▸ **WHAT IS NEEDED**
Only the lines from the one holding "Navaris Serviertablett Tablett" through the end of the material are to be repeated, exactly and without pictures.

▸ **INFORMATION SUPPLIED**
-------

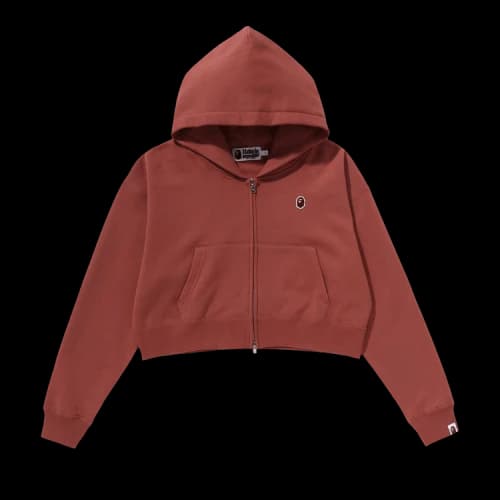 BAPE Ape Head One Point Cropped Zip Hoodie 'Pink'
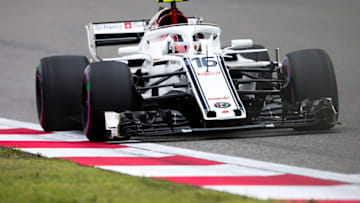 SHANGHAI, CHINA - APRIL 14: Charles Leclerc of Monaco driving the (16) Alfa Romeo Sauber F1 Team C37 Ferrari (Photo by Lintao Zhang/Getty Images)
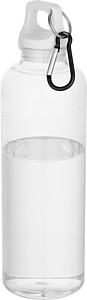 Láhev z recyklovaného plastu s karabinou 750 ml, bílá - reklamní předměty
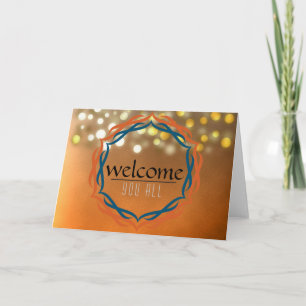 Welkom Sunset Mandala Damask Red Confetti Bedankkaart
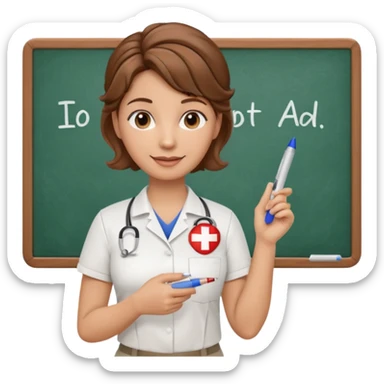 happy teacher with white board brown hair updo, first aid shirt sticker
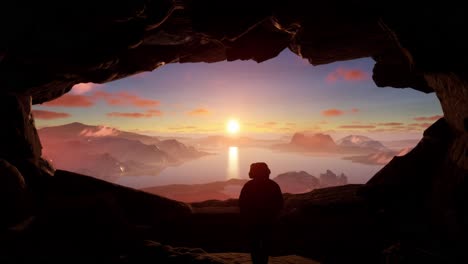 sunrise view from a cave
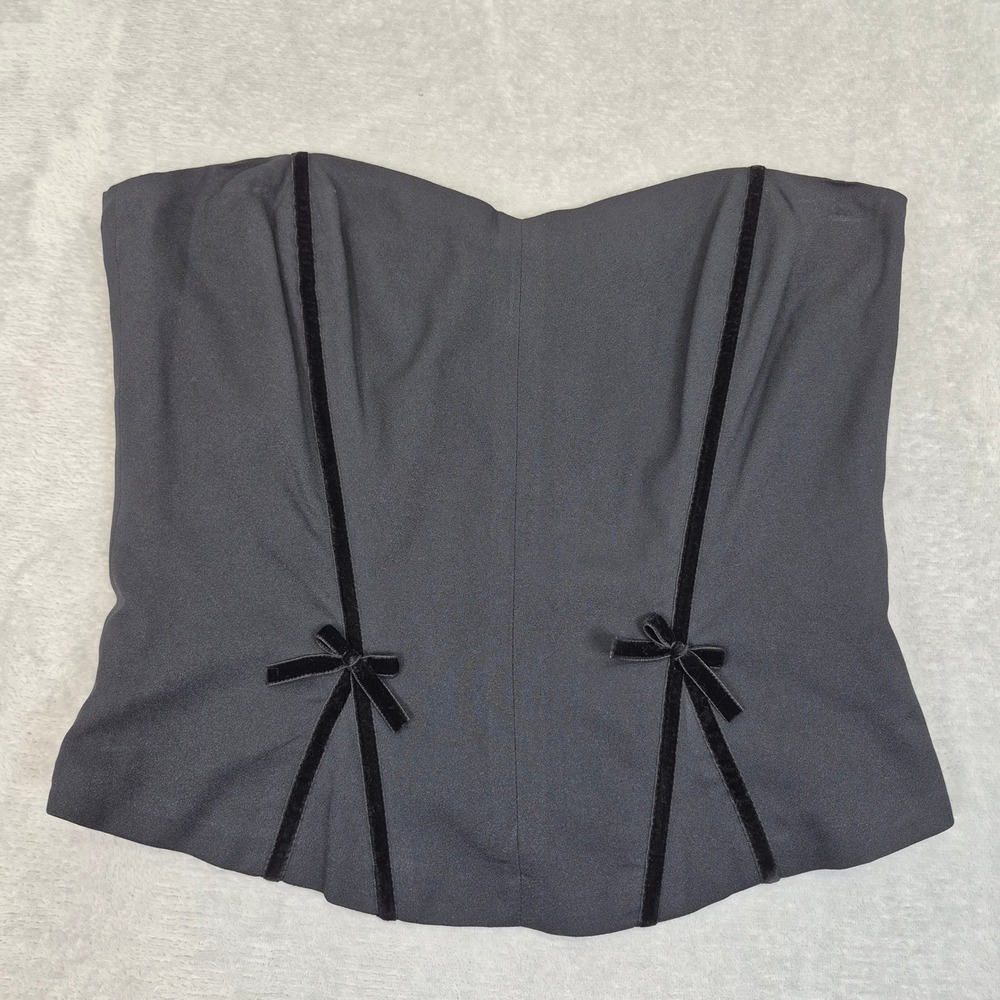 Vintage Y2K The Limited Black Strapless Corset Top Velvet Bow 12 L /XL NWT Goth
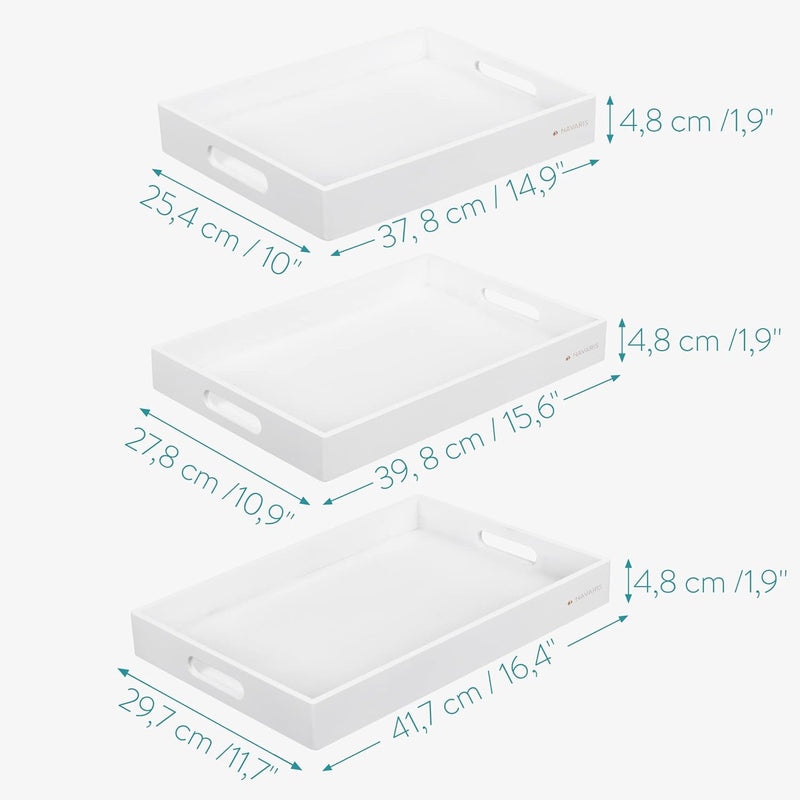 Navaris Serviertablett Tablett aus Bambus - 3X Servierplatte Frühstückstablett stapelbar - rechtecki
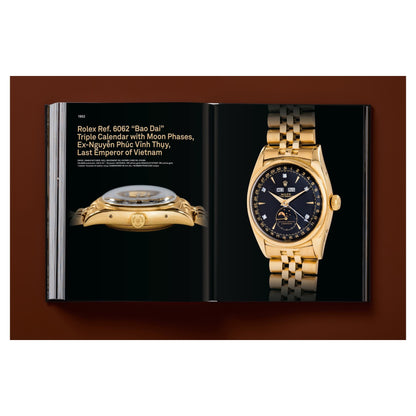 Großformatiges Uhren-Sammlerwerk mit realistisch dargestelltem Chronographen auf dem Umschlag.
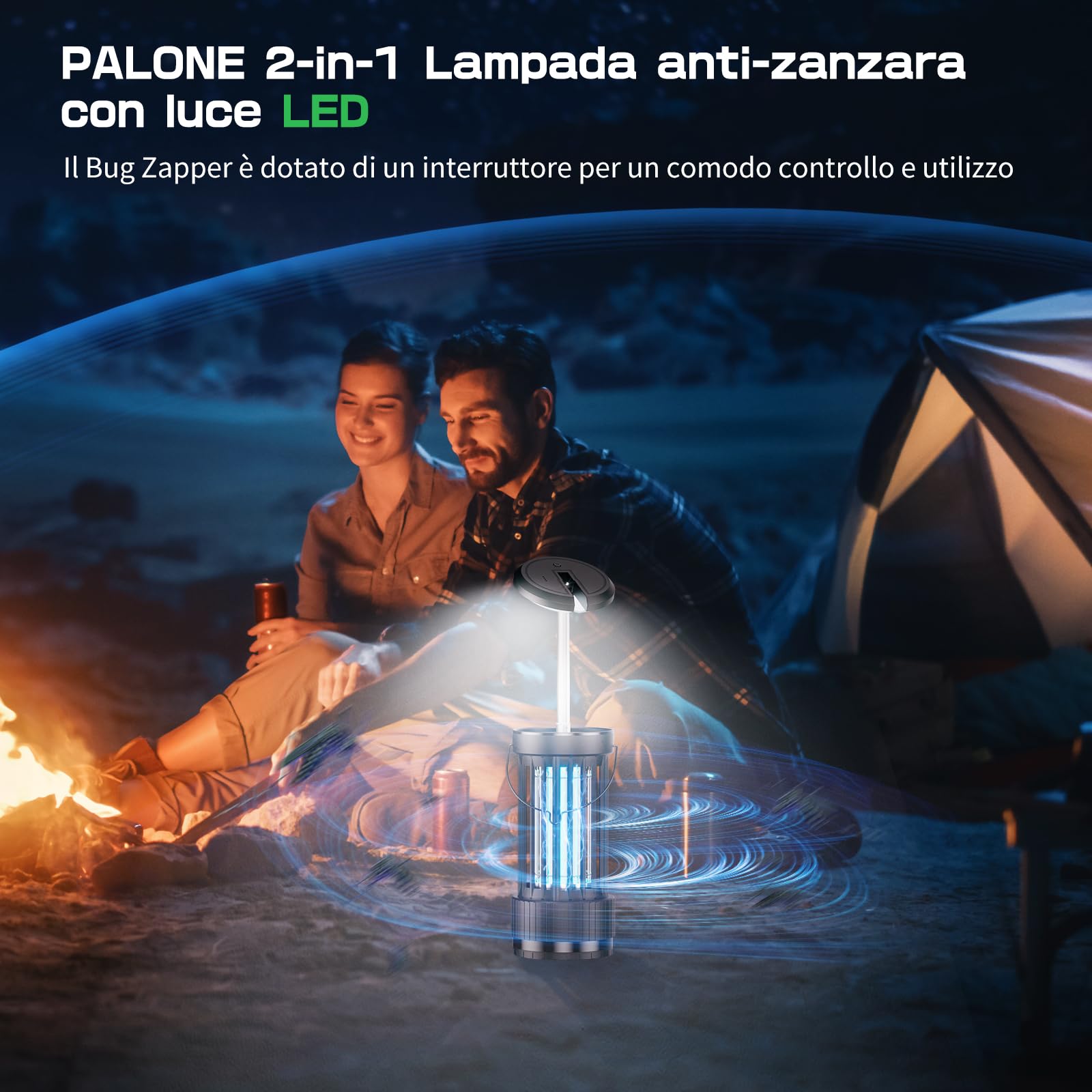 PALONE Lampada Antizanzare Elettrica con Luci UV e LED Regolabili | 4000mAh 4500V USB Zapper per Insetti, Trappola Elettrica Portatile per Interni ed Esterni, Campeggio, Pesca, Escursionismo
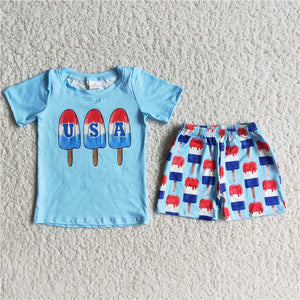 USA boy's print Summer outfits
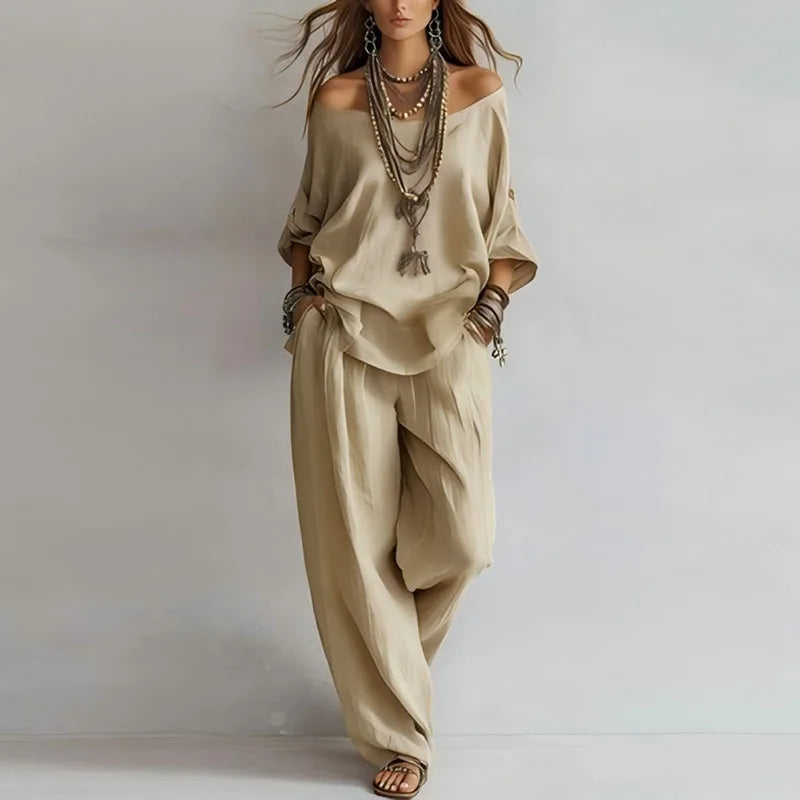 Octavia | Women's Off-Shoulder Wide-Leg Coordinated Set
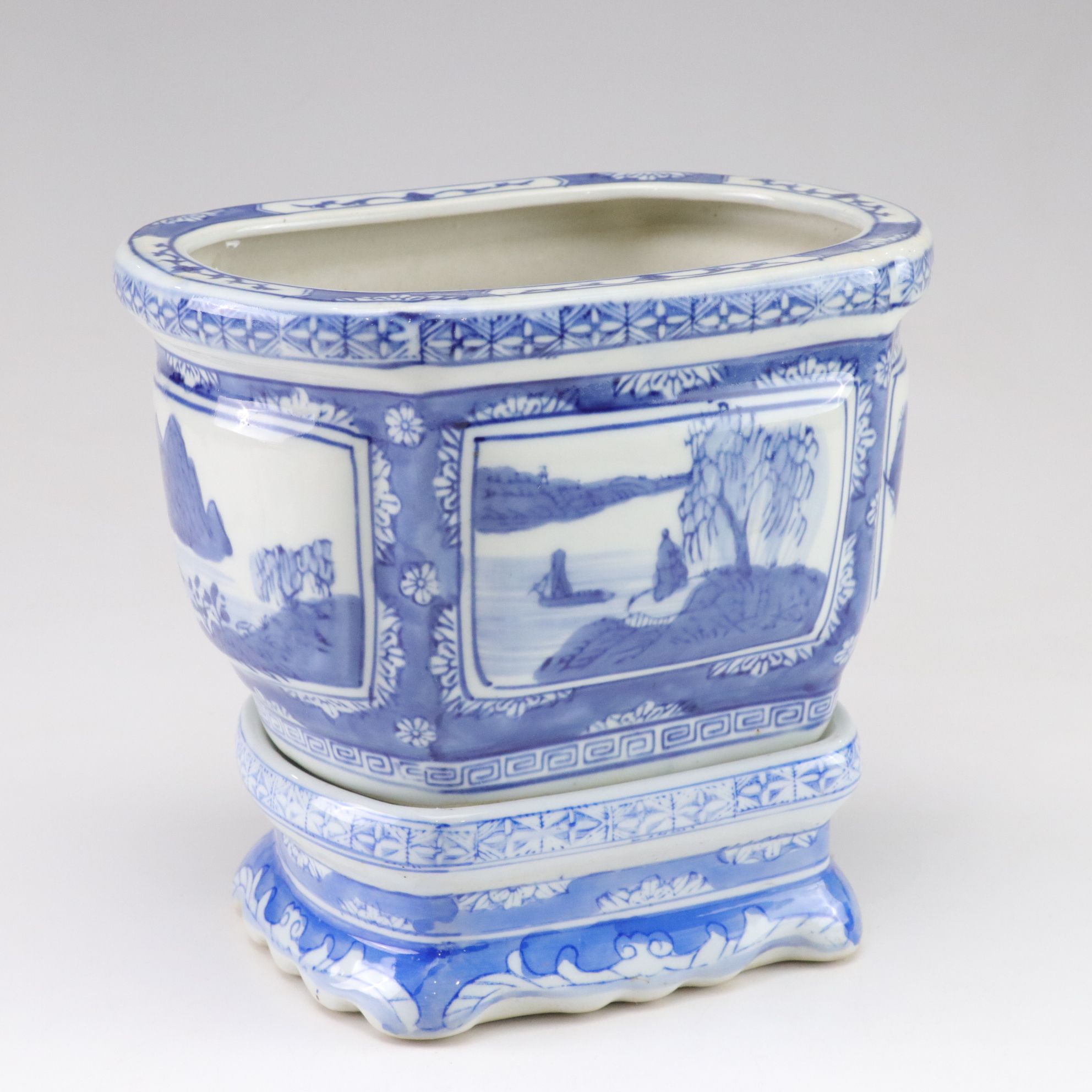 Chinese Blue & White Porcelain Planter with Stand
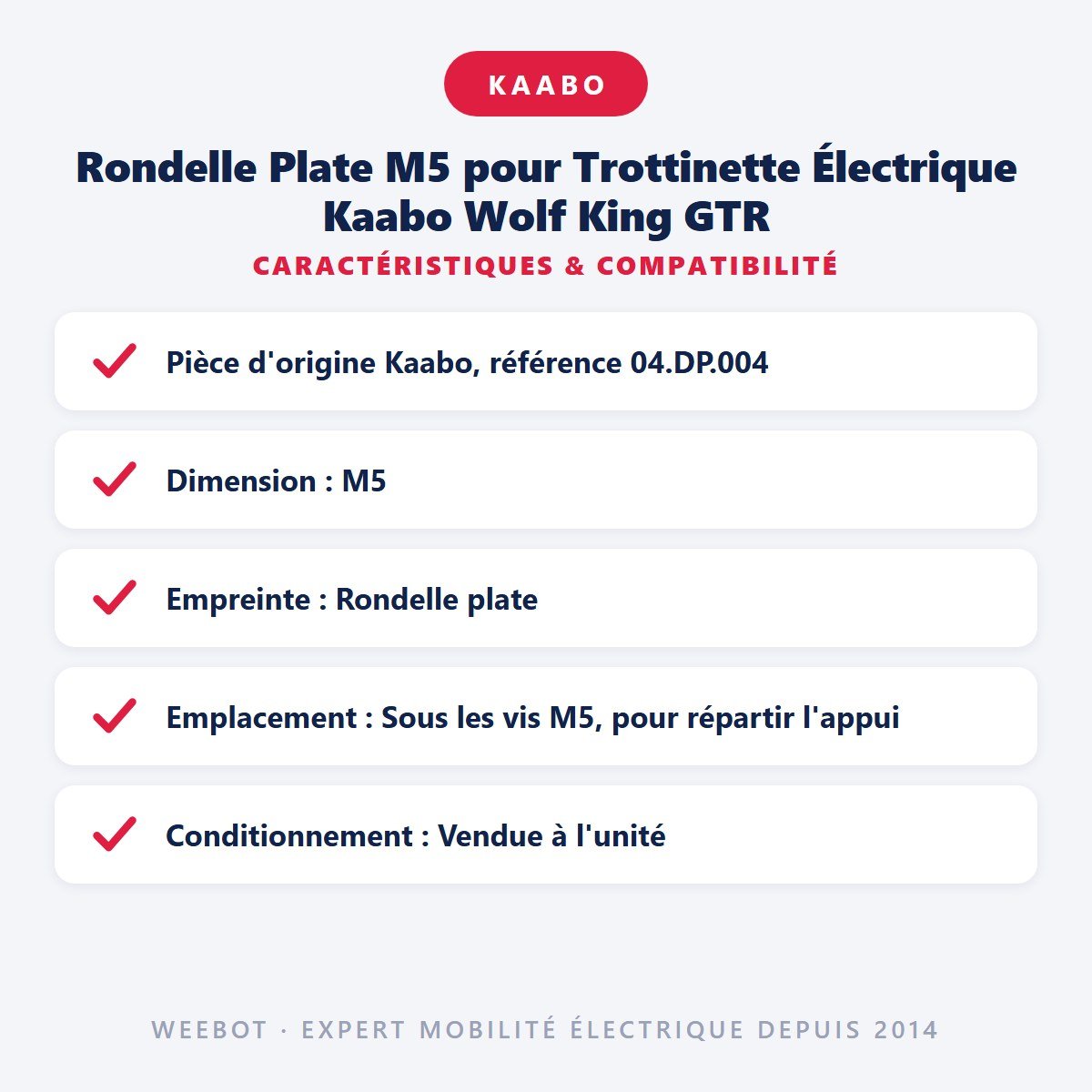 Rondelle Plate M5 pour Trottinette Électrique Kaabo Wolf King GTR - Weebot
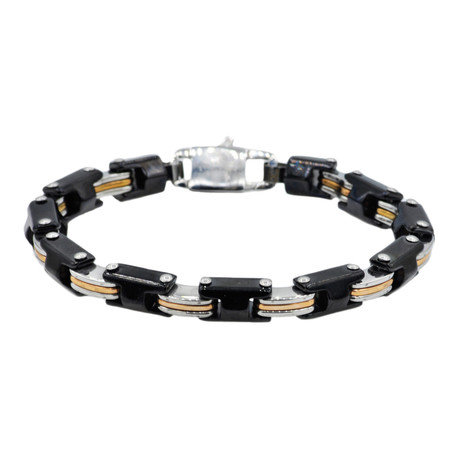H Link Bracelet // Black + Rose Gold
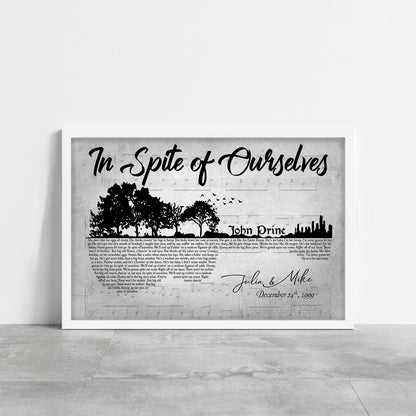 Personalized Wedding Song/First Dance Lyrics - Premium Canvas, Poster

-------

▸ **RESULT**
 Navaris Serviertablett Tablett aus Bambus - 3X Servierplatte Frühstückstablett stapelbar - rechtecki
 Großformatiges Uhren-Sammlerwerk mit realistisch dargestelltem Chronographen auf dem Umschlag.
 PALONE Lampada Antizanzare Elettrica con Luci UV e LED Regolabili | 4000mAh 4500V USB Zapper per Insetti, Trappola Elettrica Portatile per Interni ed Esterni, Campeggio, Pesca, Escursionismo
 USA boy's print Summer outfits
 Octavia | Women's Off-Shoulder Wide-Leg Coordinated Set
 Chinese Blue & White Porcelain Planter with Stand
 Rondelle Plate M5 pour Trottinette Électrique Kaabo Wolf King GTR - Weebot
H Link Bracelet // Black + Rose Gold
 Personalized Wedding Song/First Dance Lyrics - Premium Canvas, Poster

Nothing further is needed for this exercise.